Ivan Navarro Interview
Ivan Navarro is a contemporary sculptor from Chile. He’s best known for sculptures of fluorescent tubes that politically undermine the Minimalist style.
Who Are You?
Ivan Navarro, artist.
What do you do?
I am an artist, a sculptor, and I also run a record label called Hueso Records.
Where did you grow up?
I was born and raised in Santiago, Chile. My experience living under the dictatorship of General Augusto Pinochet continues to influence my practice. Currently, I live and work in Brooklyn, New York.
When did you take your first big risk in life?
It was in 1997 when I decided to move to New York. I was determined to integrate the concerns of my homeland within the movements of American art.
Why have you found success so far?
I would have to say my strong work ethic has been central to my success as well as my openness to collaborate and embrace the influence of artists before me to realize my vision.
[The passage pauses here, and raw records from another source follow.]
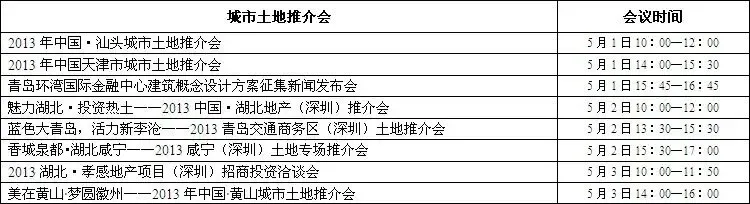 2013中国（深圳）城市土地展即将盛大启幕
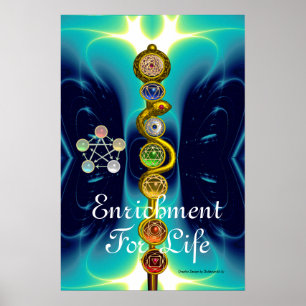 STAF VAN ASCLEPIUS 7 CHAKRA'S, YOGA, SPIRITUELE EN POSTER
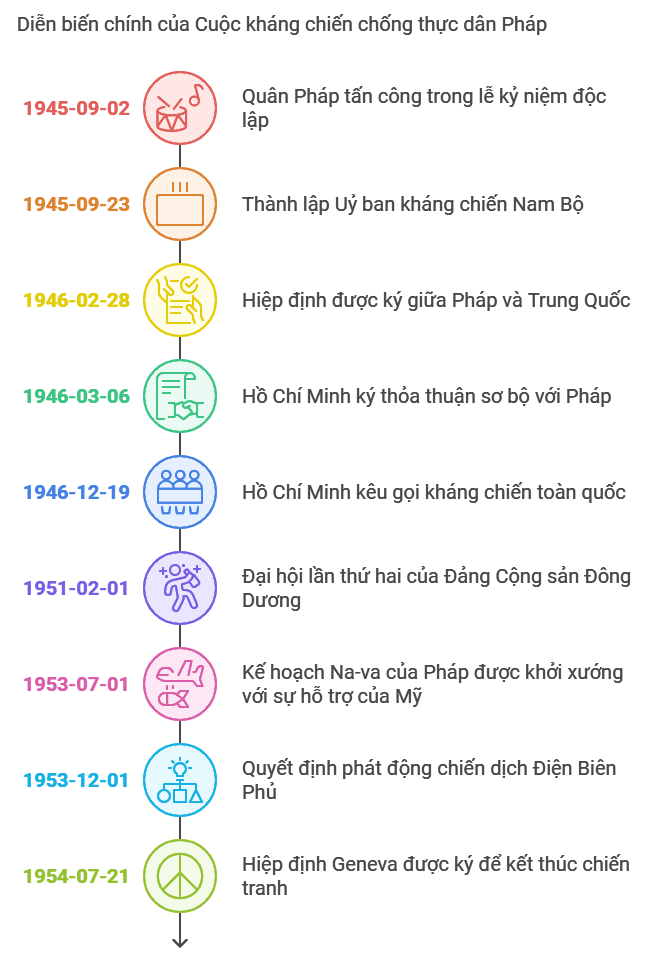 Sơ đồ tư duy lịch sử 12 Bài 7: Cuộc kháng chiến chống thực dân Pháp (1945 – 1954)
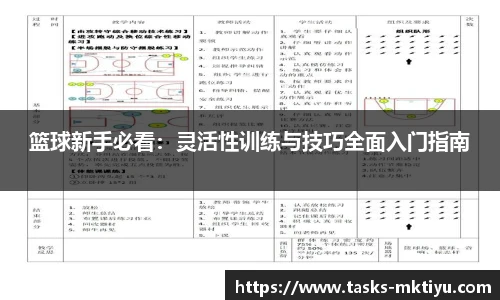 篮球新手必看：灵活性训练与技巧全面入门指南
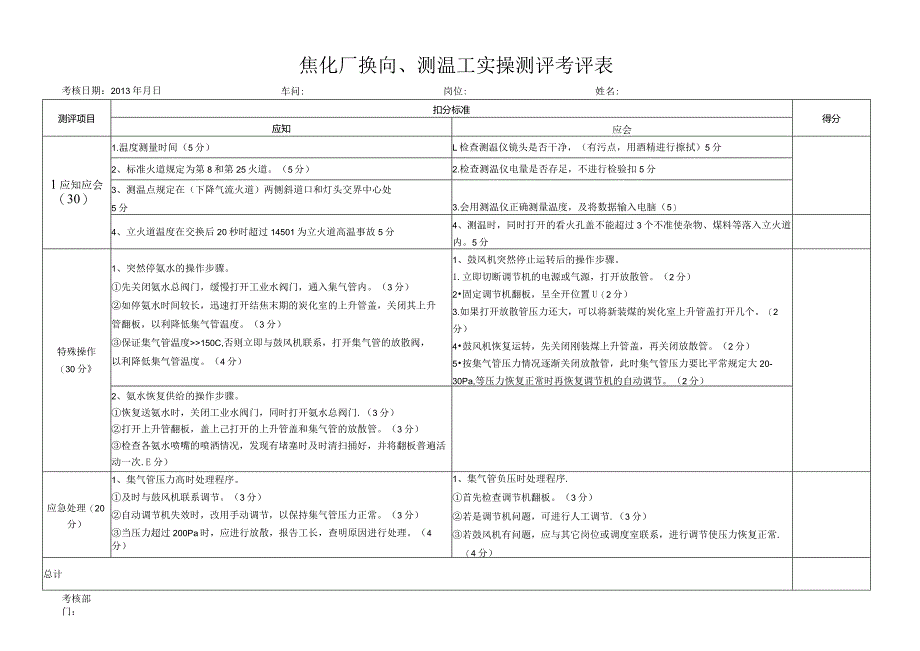 焦化厂-测温换向实操试题.docx_第1页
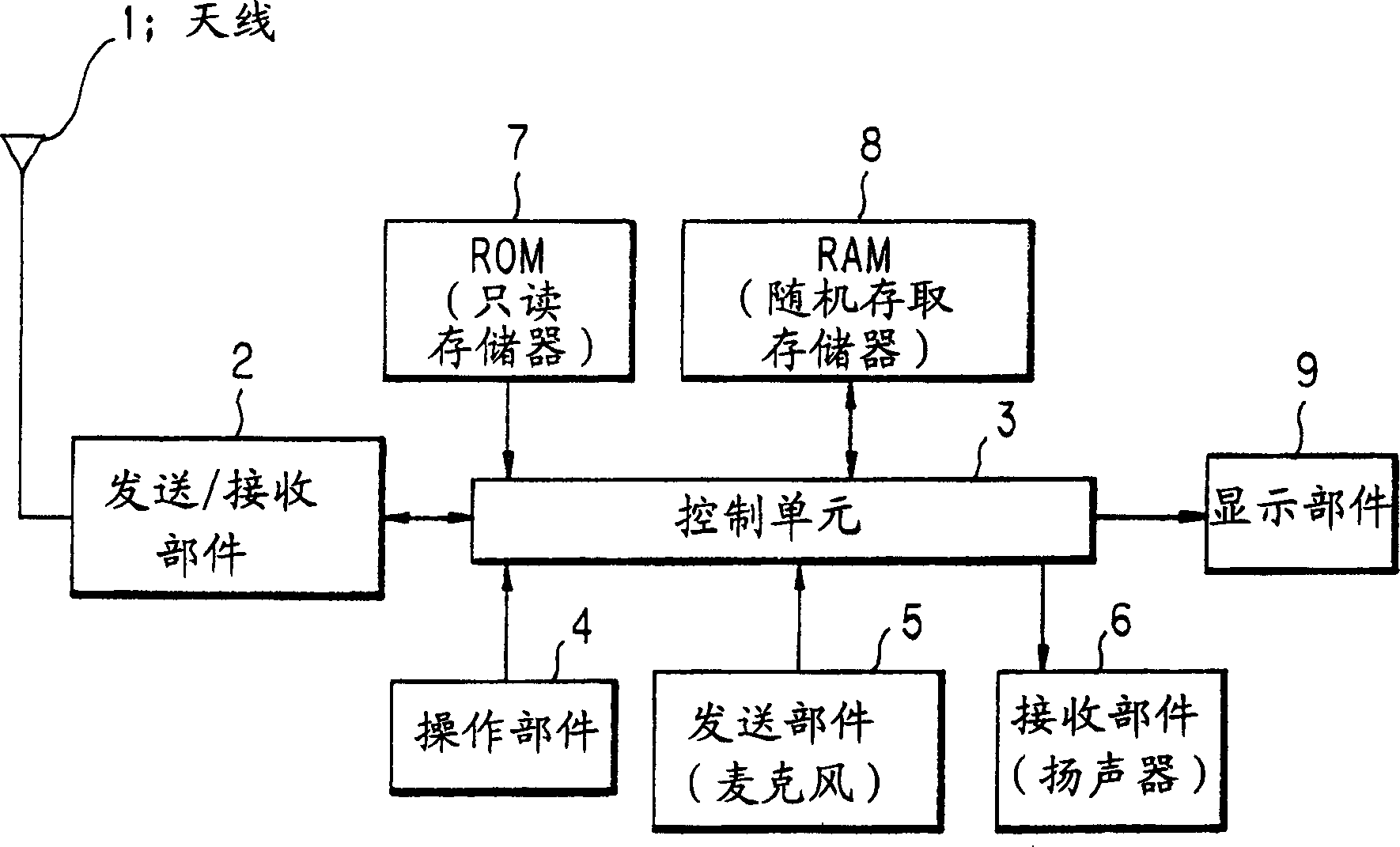 Mobile communication terminal and its remote control system, and remote controlling method and program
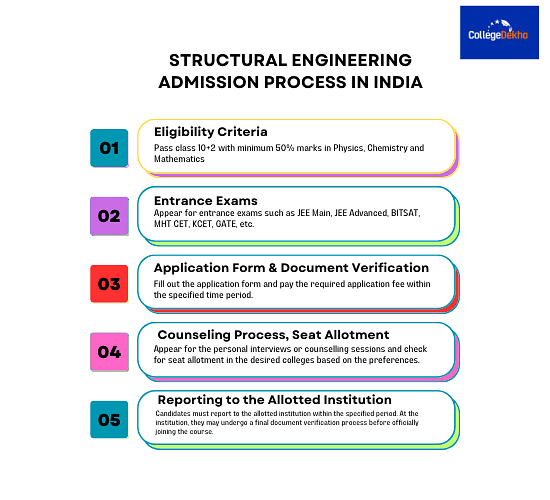 Structural Engineering Admission Process in India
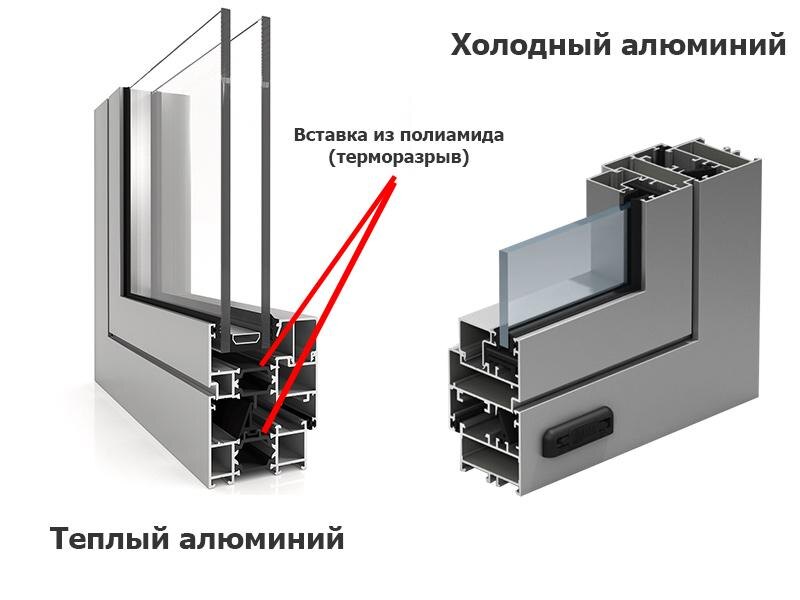 Отличие тёплого алюминиевого профиля от холодного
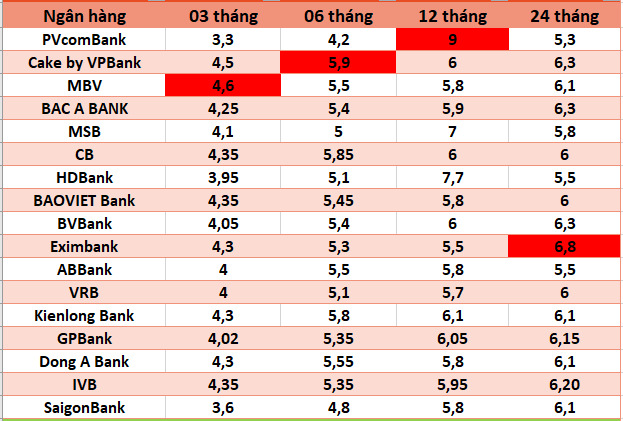 Top ngan hang co lai suat cao nhat thi truong hien nay. Do hoa: Ha Vy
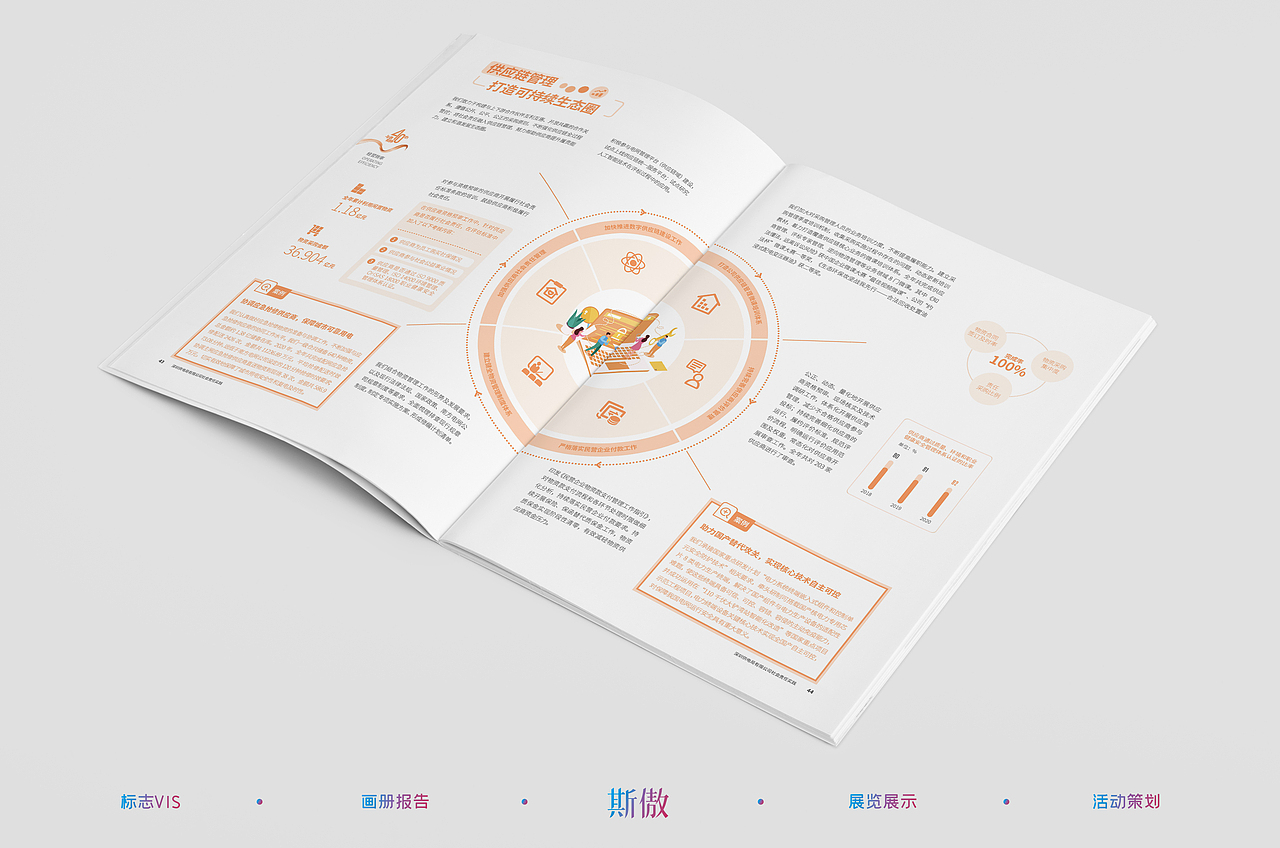 2020深圳供电局会责任报告（图ZMjY1NDIyMjg4） - 书籍/画册 - 站酷设计师斯傲广告原创素材 - 站酷ZCOOL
Never stop!
Who is someone you would love to work with but can’t?
There are many people I would love to have the chance to work with but can’t. To name a few: Gordon Matta Clark, Ellsworth Kelly, Dan Flavin, Bruce Nauman and Robert Smithson, among others.
What are you working on now?
Lately I’ve been interested in researching language quirks and how I can turn them into sculptures. I’m also working to transition from 2D to 3D, or perhaps to some kind of unknown dimension. I was selected for the International Light Art Award. I’m making a sculpture using traffic lights.
Where do you spend most of your free time?
Probably in my living room, I have a large collection of music in vinyl that I enjoy as much as I can.
When you look back at your life so far, describe your biggest success?
A pivotal point in my career as an artist was hosting the National Chilean Pavilion at the 53rd Venice Biennale. Not only did the public seem to enjoy the work but I also received several proposals to create new projects with people who appraised the work in Venice, even years after the event.
Why are you doing this interview?
Answering these questions requires that I pause and reflect – something I value very much.